Je me demande : “Qu’est-ce que je fais ici ?” Ce qui amène la question suivante : “Pourquoi sommes-nous là, Américains ?”
Prècédement, le Président Bush a déclaré : “ Nous les combattrons là où ils sont pour ne pas les combattre ici.” Il ne lui est sans doute pas venu à l’idée que si nous ne voulons pas les combattre là-bas, nous pourrions ne pas avoir besoin de les combattre du tout.

Poursuivre l’engagement de l’Amérique est une voie difficile. Si vous croyez en l’exception américaine – l’Amérique est bonne et cherche seulement le meilleur en apportant aux peuples du monde “démocratie, liberté, droits de l’homme” -, alors quand revenir sur cette engagement ? Si rien ne va en Afghanistan et si notre présence n’apporte que plus de militarisation et plus de misère, quand est-il temps d’arrêter ? Modèle d’exception, l’Amérique ne peut pas perdre ni abandonner ; c’est simplement trop honteux de reconnaître ses erreurs, trop embarrassant d’admettre que le pays le plus puissant militairement ne peut pas atteindre ses objectifs dans un pays déjà dévasté par des années de guerre.
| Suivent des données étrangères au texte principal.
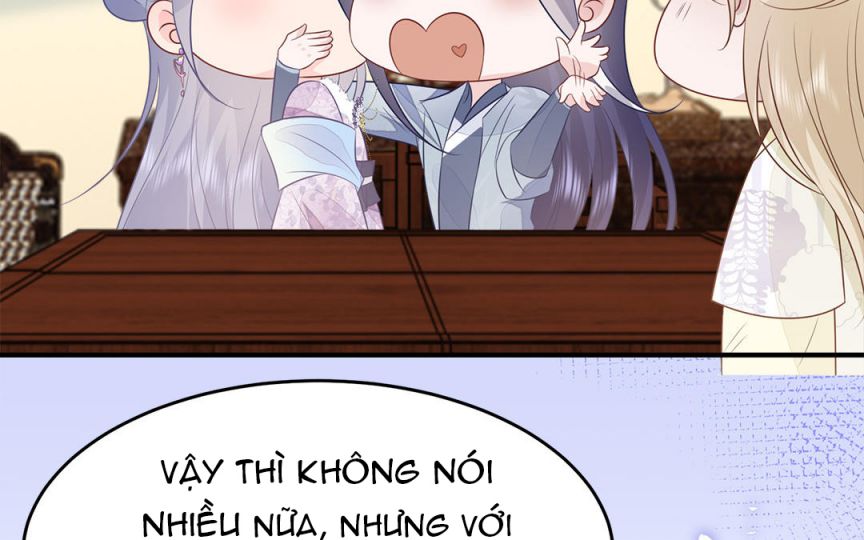 Phượng Thạp Thê Loan Chap 33 - Next Chap 34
Peu de choix sont possibles sauf le statu quo.

Si vous écoutez un autre discours, l’Afghanistan n’a que ce qu’il mérite. Le groupe terroriste est responsable du lourd tribut du 11 septembre.
Mais dix longues années se sont écoulées. Le Taliban n’est pas vaincu et il est devenu plus difficile de définir qui sont exactement les Talibans. Si un paysan prend une arme pour défendre sa terre ou sa famille, il est classé Taliban. Si un employé local au bureau de la CIA commence à harceler ses collègues féminines, c’est un Taliban. Ce n’est pas nécessairement vrai.
Il y a des tribus qui usent de la violence contre tous les agresseurs. Elles ne font pas de différence entre les forces de l’OTAN, l’armée américaine et les talibans ; elles se défendent seules contre tous. Comme la situation se détériore et que la communauté internationale soutien cette situation avec des mensonges, contrevérités et intransigeance, la haine augmente. Le désespoir augmente. Quiconque, n’ayant aucun lien avec avec la religion fondamentaliste, recourt à la violence est assimilé à un Taliban. Haim dit avec un sourire :” Bientôt, tout le monde sera fiché Taliban”.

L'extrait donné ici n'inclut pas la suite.